The woman stood bent over, hands on her knees, body shaking, her face turned down as she caught her breath.

“Are you all right?” Valerian asked, becoming concerned.

“Mother! Mother, where are you?” a child’s voice cried from down the path.

“Lady Stanford!” a woman called.

At last the woman stood straight and raised her face, and a peculiar hiccoughing gasp escaped her as her eyes moved from Valerian’s face to Oscar, once quickly over Valerian’s dress, then back to her face again. “He is yours?” the woman asked.

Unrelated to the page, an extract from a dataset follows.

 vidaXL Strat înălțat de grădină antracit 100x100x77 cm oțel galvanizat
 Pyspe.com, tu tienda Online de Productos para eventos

“I am afraid so, yes,” Valerian admitted.

The woman stared for a moment longer, eyes wide, then dissolved into laughter. “Good lord, I have been attacked, and had my hat ravished by a lady’s pet crow.” She put her hand up to her coiffure, and the tatters of lace hanging from her hat.

“Raven, my lady,” Valerian corrected, lips twitching. “He meant you no harm. It is just this passion he has for shiny things.”

“Oh ho?” Another trill of laughter ensued, and then the owners of the calling voices stumbled into the clearing, a finely dressed woman and a little boy about six years old.

“Mother?” the little boy asked, running up to the woman, “Are you all right?”

“Lady Stanford, are you injured?” the other woman asked.

Lady Stanford wiped delicately under her eyes with the edges of her index fingers, removing the tears, chuckles still rumbling in her chest. “Good heavens, yes, Lucas, I am all right. And no, Catherine, I am not injured.”

“Oscar is a superior bird,” Oscar said.

The little boy’s eyes widened, and he sucked in a breath, shaking with excitement. “Ohhh, he talks! Mother, did you hear him?” He tugged at her skirts.

“Yes, I heard.”

Valerian lifted Oscar onto her hand, and knelt down on the grass in front of the boy, ignoring her skirts. “If you are very gentle, you can pet him,” she told the boy.

Lucas looked up at his mother for permission. Lady Stanford nodded, and the boy reached out a quivering hand. Oscar tilted his head, and Lucas jerked back his hand.

“He will not hurt you,” Valerian said. “He has been petted by many, many children.”

Lucas reached out again, and this time stroked Oscar’s back three quick times.

“Biscuit!” Oscar declared, making Lucas jump. “Poor hungry bird. Pooooor hungry bird.”

The women laughed, and Valerian smiled. After an unsure moment, Lucas smiled too, and stepped closer to get a better look at Oscar.

“Did you train him yourself?” Lady Stanford asked. “I did not know that ravens could talk.”

“I have had him since he was a chick,” Valerian explained, keeping her eye on Lucas and Oscar. “Ravens are intelligent birds. Smarter than parrots.”

“Can we show Clary?” Lucas asked, his fear all but gone. “She would like to see him. Can we?”

“We could not impose on this lady,” Lady Stanford said.

Valerian glanced up at the woman. “Who is Clary?”

“My daughter Clarissa. She is confined to the indoors, I am afraid. She is recovering from a nasty cold.”

“She loves birds,” Lucas said.

Valerian stood up, giving her skirts a brief shake that did nothing to remove the damp spots over the knees. “It would be no imposition to show her Oscar. I know how bored children can get, stuck indoors. I would be happy to provide her some entertainment.”